Hypoglycemia Versus Hyperglycemia: What's The Difference?

Hypoglycemia and hyperglycemia are conditions that are caused by abnormal levels of glucose in the blood. Glucose is the primary source of fuel in your body, and all of your cells need it for energy. It is especially critical for your brain, muscles, and red blood cells during exercise. In fact, glucose is the only fuel your brain and red blood cells use, according to Livestrong.

Glucose, or blood sugar levels, rise and fall throughout the day, and healthy levels generally fall between 72 and 99 before meals and less than 140 after meals. For people with diabetes, a good level before a meal can range from 80 to 130 and anything below 180 after a meal is considered a good target (via Medical News Today). When levels become too high or too low, you can develop hypoglycemia or hyperglycemia. You don't have to be diabetic for these conditions to occur, but they are more problematic if you have diabetes.

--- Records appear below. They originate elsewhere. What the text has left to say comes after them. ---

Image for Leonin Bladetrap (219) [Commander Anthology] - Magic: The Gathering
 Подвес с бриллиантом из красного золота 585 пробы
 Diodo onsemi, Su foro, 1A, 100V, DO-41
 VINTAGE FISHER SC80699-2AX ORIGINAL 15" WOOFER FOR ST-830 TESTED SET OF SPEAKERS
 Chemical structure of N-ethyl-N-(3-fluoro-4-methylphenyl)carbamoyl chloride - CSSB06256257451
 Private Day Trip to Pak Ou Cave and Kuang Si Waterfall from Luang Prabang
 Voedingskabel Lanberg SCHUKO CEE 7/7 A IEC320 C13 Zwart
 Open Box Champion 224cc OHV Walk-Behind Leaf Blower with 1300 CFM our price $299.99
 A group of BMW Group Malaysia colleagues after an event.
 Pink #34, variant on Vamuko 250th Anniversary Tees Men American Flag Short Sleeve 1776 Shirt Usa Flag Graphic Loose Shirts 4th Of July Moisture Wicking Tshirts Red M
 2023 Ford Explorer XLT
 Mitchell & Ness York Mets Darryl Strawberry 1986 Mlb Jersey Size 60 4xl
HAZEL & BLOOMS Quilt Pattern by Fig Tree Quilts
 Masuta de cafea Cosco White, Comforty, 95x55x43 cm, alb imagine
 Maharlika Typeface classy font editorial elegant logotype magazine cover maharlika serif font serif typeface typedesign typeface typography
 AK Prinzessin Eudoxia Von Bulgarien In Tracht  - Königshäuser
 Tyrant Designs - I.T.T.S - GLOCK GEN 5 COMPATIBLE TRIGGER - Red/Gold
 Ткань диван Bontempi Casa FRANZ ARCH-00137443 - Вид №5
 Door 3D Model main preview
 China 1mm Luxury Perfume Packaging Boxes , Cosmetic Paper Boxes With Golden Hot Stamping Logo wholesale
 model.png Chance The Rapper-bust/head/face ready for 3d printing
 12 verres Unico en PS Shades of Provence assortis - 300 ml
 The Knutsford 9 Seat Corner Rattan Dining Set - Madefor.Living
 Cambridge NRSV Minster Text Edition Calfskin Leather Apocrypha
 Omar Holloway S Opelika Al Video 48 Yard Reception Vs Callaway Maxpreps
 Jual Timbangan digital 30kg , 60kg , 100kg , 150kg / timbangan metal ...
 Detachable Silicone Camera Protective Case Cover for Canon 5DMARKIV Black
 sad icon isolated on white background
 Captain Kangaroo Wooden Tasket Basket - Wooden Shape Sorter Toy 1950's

Both conditions need to be monitored

Hypoglycemia occurs when your blood sugar level is lower than normal. This condition is often related to diabetes, but other conditions can cause blood sugar levels to drop. When these levels drop, it is important to raise them as quickly as possible, per Mayo Clinic. Usually this means eating or drinking something to raise levels. Symptoms include sweating, anxiety, shakiness, pale skin, and tingling in the tongue or lips. Treatment for hypoglycemia related to diabetes usually includes medication.

Hyperglycemia is when your blood sugar is too high. It, too, can affect people with diabetes. It is important for people with diabetes to check their levels to avoid more serious conditions such as eye, kidney, or cardiovascular disease. Symptoms of hyperglycemia include being thirsty, frequent urination, blurry vision, and fatigue (via Healthline). Like with hypoglycemia, diabetic patients with hyperglycemia might need medication to help control their blood sugar levels. A healthy diet and exercise can also help control blood sugar.